PROBLEM DETAILS:
Transcribe the data. Leave out nothing.

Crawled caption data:
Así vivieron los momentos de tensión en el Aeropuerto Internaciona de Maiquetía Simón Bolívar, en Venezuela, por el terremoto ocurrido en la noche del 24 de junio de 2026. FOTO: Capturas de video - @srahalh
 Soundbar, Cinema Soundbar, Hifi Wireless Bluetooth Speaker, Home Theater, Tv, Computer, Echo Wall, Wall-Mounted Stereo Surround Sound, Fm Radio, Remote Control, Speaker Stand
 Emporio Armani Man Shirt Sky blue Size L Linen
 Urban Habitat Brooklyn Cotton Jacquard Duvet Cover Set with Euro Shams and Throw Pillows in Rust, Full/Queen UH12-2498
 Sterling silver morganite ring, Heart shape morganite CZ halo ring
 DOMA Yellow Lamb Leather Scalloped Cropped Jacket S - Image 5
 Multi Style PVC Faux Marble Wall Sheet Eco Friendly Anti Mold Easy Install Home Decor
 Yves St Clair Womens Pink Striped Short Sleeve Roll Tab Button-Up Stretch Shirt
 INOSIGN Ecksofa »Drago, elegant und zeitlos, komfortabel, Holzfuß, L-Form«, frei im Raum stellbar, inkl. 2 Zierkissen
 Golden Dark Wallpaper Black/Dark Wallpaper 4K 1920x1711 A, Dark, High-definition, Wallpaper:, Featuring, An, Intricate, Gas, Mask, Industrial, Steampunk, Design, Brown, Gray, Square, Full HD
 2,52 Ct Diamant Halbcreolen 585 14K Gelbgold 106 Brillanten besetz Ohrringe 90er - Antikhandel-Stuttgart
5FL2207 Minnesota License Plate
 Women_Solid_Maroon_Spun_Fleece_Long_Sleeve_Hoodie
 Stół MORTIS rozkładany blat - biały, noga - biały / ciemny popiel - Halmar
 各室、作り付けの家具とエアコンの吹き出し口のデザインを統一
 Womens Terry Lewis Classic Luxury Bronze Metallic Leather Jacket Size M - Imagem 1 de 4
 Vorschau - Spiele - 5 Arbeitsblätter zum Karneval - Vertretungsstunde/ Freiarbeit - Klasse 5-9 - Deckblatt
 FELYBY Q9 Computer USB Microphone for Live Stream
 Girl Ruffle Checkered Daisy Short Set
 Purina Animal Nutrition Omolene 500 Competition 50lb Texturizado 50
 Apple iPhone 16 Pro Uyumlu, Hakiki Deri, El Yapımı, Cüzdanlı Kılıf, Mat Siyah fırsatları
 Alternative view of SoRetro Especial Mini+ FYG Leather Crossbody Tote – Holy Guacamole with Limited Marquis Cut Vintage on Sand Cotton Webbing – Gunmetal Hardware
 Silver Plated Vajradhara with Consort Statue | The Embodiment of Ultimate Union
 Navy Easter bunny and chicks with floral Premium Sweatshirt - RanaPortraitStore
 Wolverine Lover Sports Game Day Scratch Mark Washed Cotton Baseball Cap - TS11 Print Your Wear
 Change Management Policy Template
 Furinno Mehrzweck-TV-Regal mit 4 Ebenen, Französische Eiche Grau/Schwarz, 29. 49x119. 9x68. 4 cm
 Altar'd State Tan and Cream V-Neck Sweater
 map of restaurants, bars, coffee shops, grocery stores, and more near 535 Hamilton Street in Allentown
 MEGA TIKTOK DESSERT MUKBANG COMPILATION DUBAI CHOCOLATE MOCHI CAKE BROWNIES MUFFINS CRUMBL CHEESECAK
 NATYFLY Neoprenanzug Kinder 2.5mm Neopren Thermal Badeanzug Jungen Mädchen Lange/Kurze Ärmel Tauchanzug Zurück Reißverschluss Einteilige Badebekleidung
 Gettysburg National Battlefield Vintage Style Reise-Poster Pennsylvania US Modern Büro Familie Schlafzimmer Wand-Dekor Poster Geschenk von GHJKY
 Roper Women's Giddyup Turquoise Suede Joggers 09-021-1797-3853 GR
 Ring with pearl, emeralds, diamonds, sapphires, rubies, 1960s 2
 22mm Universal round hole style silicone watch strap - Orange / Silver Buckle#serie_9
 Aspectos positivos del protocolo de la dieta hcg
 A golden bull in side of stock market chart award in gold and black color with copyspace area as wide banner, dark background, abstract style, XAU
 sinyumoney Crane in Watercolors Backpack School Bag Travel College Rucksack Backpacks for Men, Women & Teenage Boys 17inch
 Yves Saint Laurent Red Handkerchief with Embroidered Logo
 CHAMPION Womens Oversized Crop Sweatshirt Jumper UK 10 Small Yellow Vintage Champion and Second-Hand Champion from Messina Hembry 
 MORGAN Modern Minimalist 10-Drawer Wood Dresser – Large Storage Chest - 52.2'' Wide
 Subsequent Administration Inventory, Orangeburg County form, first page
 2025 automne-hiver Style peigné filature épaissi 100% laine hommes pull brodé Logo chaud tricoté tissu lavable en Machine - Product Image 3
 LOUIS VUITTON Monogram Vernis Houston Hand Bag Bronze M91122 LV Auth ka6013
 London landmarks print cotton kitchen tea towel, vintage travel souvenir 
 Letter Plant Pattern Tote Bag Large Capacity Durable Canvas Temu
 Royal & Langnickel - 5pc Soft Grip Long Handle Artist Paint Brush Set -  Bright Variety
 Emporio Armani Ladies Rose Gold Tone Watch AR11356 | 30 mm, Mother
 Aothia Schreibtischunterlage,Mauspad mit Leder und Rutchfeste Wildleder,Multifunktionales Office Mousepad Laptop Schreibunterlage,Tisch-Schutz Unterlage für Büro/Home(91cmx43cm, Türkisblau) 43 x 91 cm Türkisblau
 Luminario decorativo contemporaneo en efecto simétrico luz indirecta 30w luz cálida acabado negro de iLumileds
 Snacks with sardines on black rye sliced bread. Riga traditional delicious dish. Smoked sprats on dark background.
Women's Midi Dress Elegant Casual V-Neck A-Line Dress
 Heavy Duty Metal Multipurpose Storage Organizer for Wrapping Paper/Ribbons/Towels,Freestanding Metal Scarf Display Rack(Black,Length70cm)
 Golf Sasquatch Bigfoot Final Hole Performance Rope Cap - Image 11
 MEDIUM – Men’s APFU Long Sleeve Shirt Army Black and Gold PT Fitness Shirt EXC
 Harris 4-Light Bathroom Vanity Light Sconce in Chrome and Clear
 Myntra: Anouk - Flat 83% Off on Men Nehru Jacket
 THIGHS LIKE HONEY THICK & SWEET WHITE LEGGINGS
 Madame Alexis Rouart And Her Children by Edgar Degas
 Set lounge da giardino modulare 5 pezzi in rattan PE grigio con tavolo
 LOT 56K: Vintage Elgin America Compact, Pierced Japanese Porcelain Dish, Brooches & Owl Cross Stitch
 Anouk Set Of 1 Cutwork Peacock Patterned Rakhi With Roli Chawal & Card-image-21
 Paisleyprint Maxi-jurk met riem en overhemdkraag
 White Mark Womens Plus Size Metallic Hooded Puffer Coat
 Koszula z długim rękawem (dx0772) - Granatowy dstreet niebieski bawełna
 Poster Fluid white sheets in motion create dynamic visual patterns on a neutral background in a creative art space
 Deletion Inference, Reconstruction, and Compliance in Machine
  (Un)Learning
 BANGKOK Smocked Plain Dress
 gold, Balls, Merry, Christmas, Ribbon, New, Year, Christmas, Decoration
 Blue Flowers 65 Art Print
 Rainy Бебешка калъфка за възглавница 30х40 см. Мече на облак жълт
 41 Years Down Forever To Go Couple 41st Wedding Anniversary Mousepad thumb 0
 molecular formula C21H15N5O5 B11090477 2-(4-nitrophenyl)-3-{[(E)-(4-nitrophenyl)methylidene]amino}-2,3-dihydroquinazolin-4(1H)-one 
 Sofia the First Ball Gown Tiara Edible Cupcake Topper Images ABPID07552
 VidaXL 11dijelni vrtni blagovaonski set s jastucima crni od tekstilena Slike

RESPONSE:
Así vivieron los momentos de tensión en el Aeropuerto Internaciona de Maiquetía Simón Bolívar, en Venezuela, por el terremoto ocurrido en la noche del 24 de junio de 2026. FOTO: Capturas de video - @srahalh
 Soundbar, Cinema Soundbar, Hifi Wireless Bluetooth Speaker, Home Theater, Tv, Computer, Echo Wall, Wall-Mounted Stereo Surround Sound, Fm Radio, Remote Control, Speaker Stand
 Emporio Armani Man Shirt Sky blue Size L Linen
 Urban Habitat Brooklyn Cotton Jacquard Duvet Cover Set with Euro Shams and Throw Pillows in Rust, Full/Queen UH12-2498
 Sterling silver morganite ring, Heart shape morganite CZ halo ring
 DOMA Yellow Lamb Leather Scalloped Cropped Jacket S - Image 5
 Multi Style PVC Faux Marble Wall Sheet Eco Friendly Anti Mold Easy Install Home Decor
 Yves St Clair Womens Pink Striped Short Sleeve Roll Tab Button-Up Stretch Shirt
 INOSIGN Ecksofa »Drago, elegant und zeitlos, komfortabel, Holzfuß, L-Form«, frei im Raum stellbar, inkl. 2 Zierkissen
 Golden Dark Wallpaper Black/Dark Wallpaper 4K 1920x1711 A, Dark, High-definition, Wallpaper:, Featuring, An, Intricate, Gas, Mask, Industrial, Steampunk, Design, Brown, Gray, Square, Full HD
 2,52 Ct Diamant Halbcreolen 585 14K Gelbgold 106 Brillanten besetz Ohrringe 90er - Antikhandel-Stuttgart
5FL2207 Minnesota License Plate
 Women_Solid_Maroon_Spun_Fleece_Long_Sleeve_Hoodie
 Stół MORTIS rozkładany blat - biały, noga - biały / ciemny popiel - Halmar
 各室、作り付けの家具とエアコンの吹き出し口のデザインを統一
 Womens Terry Lewis Classic Luxury Bronze Metallic Leather Jacket Size M - Imagem 1 de 4
 Vorschau - Spiele - 5 Arbeitsblätter zum Karneval - Vertretungsstunde/ Freiarbeit - Klasse 5-9 - Deckblatt
 FELYBY Q9 Computer USB Microphone for Live Stream
 Girl Ruffle Checkered Daisy Short Set
 Purina Animal Nutrition Omolene 500 Competition 50lb Texturizado 50
 Apple iPhone 16 Pro Uyumlu, Hakiki Deri, El Yapımı, Cüzdanlı Kılıf, Mat Siyah fırsatları
 Alternative view of SoRetro Especial Mini+ FYG Leather Crossbody Tote – Holy Guacamole with Limited Marquis Cut Vintage on Sand Cotton Webbing – Gunmetal Hardware
 Silver Plated Vajradhara with Consort Statue | The Embodiment of Ultimate Union
 Navy Easter bunny and chicks with floral Premium Sweatshirt - RanaPortraitStore
 Wolverine Lover Sports Game Day Scratch Mark Washed Cotton Baseball Cap - TS11 Print Your Wear
 Change Management Policy Template
 Furinno Mehrzweck-TV-Regal mit 4 Ebenen, Französische Eiche Grau/Schwarz, 29. 49x119. 9x68. 4 cm
 Altar'd State Tan and Cream V-Neck Sweater
 map of restaurants, bars, coffee shops, grocery stores, and more near 535 Hamilton Street in Allentown
 MEGA TIKTOK DESSERT MUKBANG COMPILATION DUBAI CHOCOLATE MOCHI CAKE BROWNIES MUFFINS CRUMBL CHEESECAK
 NATYFLY Neoprenanzug Kinder 2.5mm Neopren Thermal Badeanzug Jungen Mädchen Lange/Kurze Ärmel Tauchanzug Zurück Reißverschluss Einteilige Badebekleidung
 Gettysburg National Battlefield Vintage Style Reise-Poster Pennsylvania US Modern Büro Familie Schlafzimmer Wand-Dekor Poster Geschenk von GHJKY
 Roper Women's Giddyup Turquoise Suede Joggers 09-021-1797-3853 GR
 Ring with pearl, emeralds, diamonds, sapphires, rubies, 1960s 2
 22mm Universal round hole style silicone watch strap - Orange / Silver Buckle#serie_9
 Aspectos positivos del protocolo de la dieta hcg
 A golden bull in side of stock market chart award in gold and black color with copyspace area as wide banner, dark background, abstract style, XAU
 sinyumoney Crane in Watercolors Backpack School Bag Travel College Rucksack Backpacks for Men, Women & Teenage Boys 17inch
 Yves Saint Laurent Red Handkerchief with Embroidered Logo
 CHAMPION Womens Oversized Crop Sweatshirt Jumper UK 10 Small Yellow Vintage Champion and Second-Hand Champion from Messina Hembry 
 MORGAN Modern Minimalist 10-Drawer Wood Dresser – Large Storage Chest - 52.2'' Wide
 Subsequent Administration Inventory, Orangeburg County form, first page
 2025 automne-hiver Style peigné filature épaissi 100% laine hommes pull brodé Logo chaud tricoté tissu lavable en Machine - Product Image 3
 LOUIS VUITTON Monogram Vernis Houston Hand Bag Bronze M91122 LV Auth ka6013
 London landmarks print cotton kitchen tea towel, vintage travel souvenir 
 Letter Plant Pattern Tote Bag Large Capacity Durable Canvas Temu
 Royal & Langnickel - 5pc Soft Grip Long Handle Artist Paint Brush Set -  Bright Variety
 Emporio Armani Ladies Rose Gold Tone Watch AR11356 | 30 mm, Mother
 Aothia Schreibtischunterlage,Mauspad mit Leder und Rutchfeste Wildleder,Multifunktionales Office Mousepad Laptop Schreibunterlage,Tisch-Schutz Unterlage für Büro/Home(91cmx43cm, Türkisblau) 43 x 91 cm Türkisblau
 Luminario decorativo contemporaneo en efecto simétrico luz indirecta 30w luz cálida acabado negro de iLumileds
 Snacks with sardines on black rye sliced bread. Riga traditional delicious dish. Smoked sprats on dark background.
Women's Midi Dress Elegant Casual V-Neck A-Line Dress
 Heavy Duty Metal Multipurpose Storage Organizer for Wrapping Paper/Ribbons/Towels,Freestanding Metal Scarf Display Rack(Black,Length70cm)
 Golf Sasquatch Bigfoot Final Hole Performance Rope Cap - Image 11
 MEDIUM – Men’s APFU Long Sleeve Shirt Army Black and Gold PT Fitness Shirt EXC
 Harris 4-Light Bathroom Vanity Light Sconce in Chrome and Clear
 Myntra: Anouk - Flat 83% Off on Men Nehru Jacket
 THIGHS LIKE HONEY THICK & SWEET WHITE LEGGINGS
 Madame Alexis Rouart And Her Children by Edgar Degas
 Set lounge da giardino modulare 5 pezzi in rattan PE grigio con tavolo
 LOT 56K: Vintage Elgin America Compact, Pierced Japanese Porcelain Dish, Brooches & Owl Cross Stitch
 Anouk Set Of 1 Cutwork Peacock Patterned Rakhi With Roli Chawal & Card-image-21
 Paisleyprint Maxi-jurk met riem en overhemdkraag
 White Mark Womens Plus Size Metallic Hooded Puffer Coat
 Koszula z długim rękawem (dx0772) - Granatowy dstreet niebieski bawełna
 Poster Fluid white sheets in motion create dynamic visual patterns on a neutral background in a creative art space
 Deletion Inference, Reconstruction, and Compliance in Machine
  (Un)Learning
 BANGKOK Smocked Plain Dress
 gold, Balls, Merry, Christmas, Ribbon, New, Year, Christmas, Decoration
 Blue Flowers 65 Art Print
 Rainy Бебешка калъфка за възглавница 30х40 см. Мече на облак жълт
 41 Years Down Forever To Go Couple 41st Wedding Anniversary Mousepad thumb 0
 molecular formula C21H15N5O5 B11090477 2-(4-nitrophenyl)-3-{[(E)-(4-nitrophenyl)methylidene]amino}-2,3-dihydroquinazolin-4(1H)-one 
 Sofia the First Ball Gown Tiara Edible Cupcake Topper Images ABPID07552
 VidaXL 11dijelni vrtni blagovaonski set s jastucima crni od tekstilena Slike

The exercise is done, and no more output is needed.